In the trees, in the breeze, seek nature’s peace and bliss. —Anonymous
The afternoon silence was replaced with the sounds of faint tapping. It was coming from the South Bank, a sound that was softer than that of a pileated or hairy woodpecker. When I had turned to look, the tapping stopped. I listened closely, my eyes scanning the tree trunks. From across the woods, two small flashes of red danced like small flames around the trunk of a cedar tree. It was a pair of red-breasted sapsuckers.
The red-breasted sapsucker is a year-round resident of conifer and deciduous forests, river and stream banks, and orchards. They are delightful company often traveling in pairs. Male and females look alike, they are stout, and medium-sized, and easily recognized by a dark red head and white eye spot, pale yellow belly, and black back with a vertical white patch. The sapsucker is a species of woodpecker that, unlike a woodpecker, excavates many small holes in horizontal lines called “sap wells.” When full, the sapsucker returns to drink the sap, which makes up the bulk of its diet. As a bonus, insects trapped in the sap wells give the sapsucker additional protein and energy. While they sometimes forage living trees—stumps, logs, and especially snags, are their favorite and they will tap, pry, and probe to find those hidden insects. Now and then, they catch bugs in flight as well as eat salmonberries, and dine on suet. During nesting season, it is usually the male who excavates the nest in a dead tree or branch. He doesn’t add nesting material, but leaves just enough shavings for a cozy nest. A single brood is raised. The clutch contains four to seven, small white eggs. Incubation is about two weeks, and the nestlings are fed insects.

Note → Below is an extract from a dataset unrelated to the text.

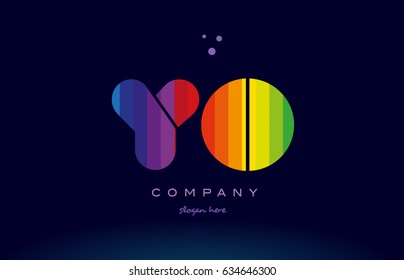 yo y o alphabet letter colorful creative colors text dots creative company logo vector icon design template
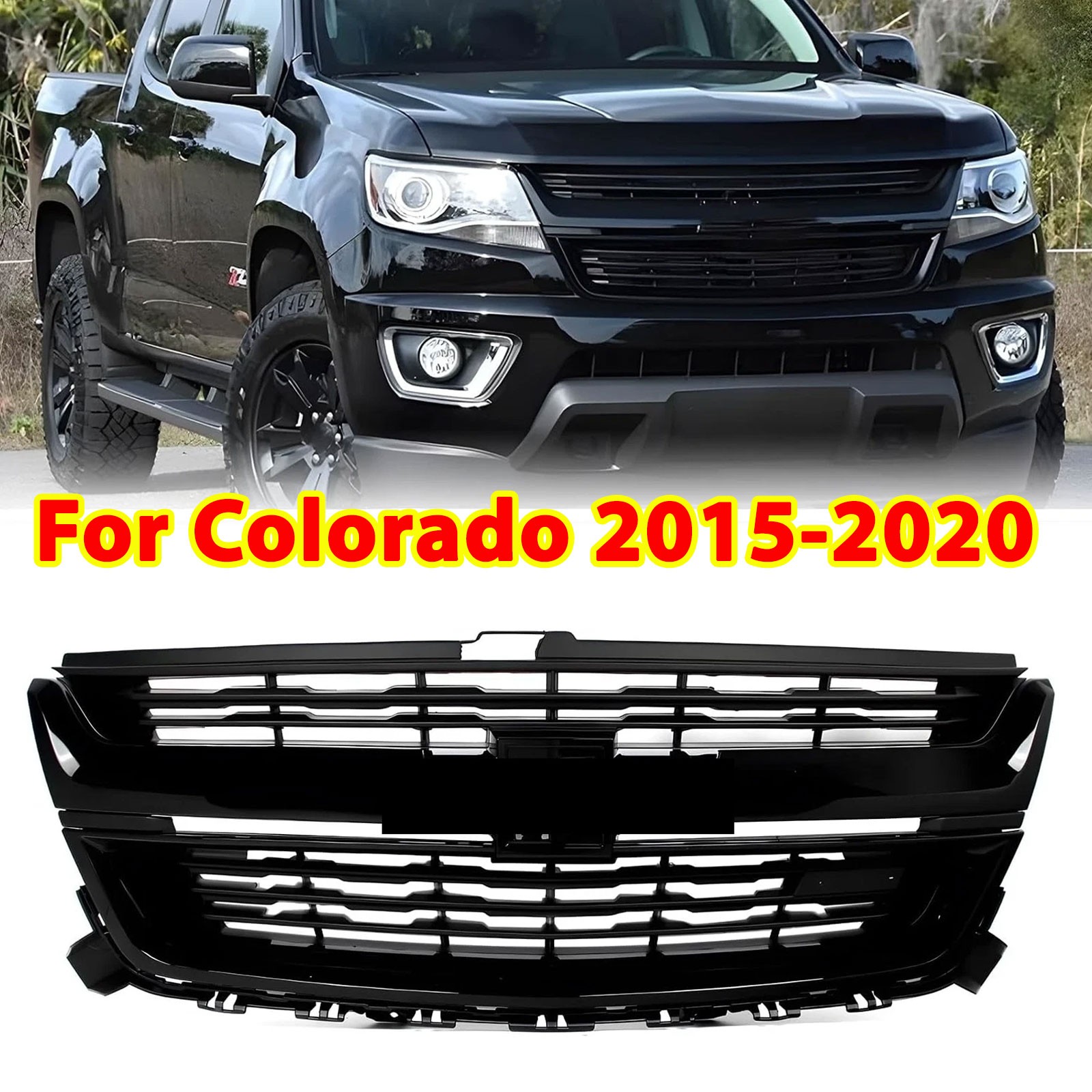 84270791 Front Grille Glossy Black For Chevrolet Colorado 2015 2016 2017-2020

The red-breasted sapsucker has a variety of unique calls that range from sharp high-pitched bursts to squeaky chatter, to strident, drawn-out mewing. My favorite though is their drum call with irregular clicks that sounds like a stick tapping against a tree.
Look to the trunks of dead trees and you might find their sap wells or maybe catch a glimpse of a sapsucker or two flitting around. If you don’t see them just listen, and you might hear them calling.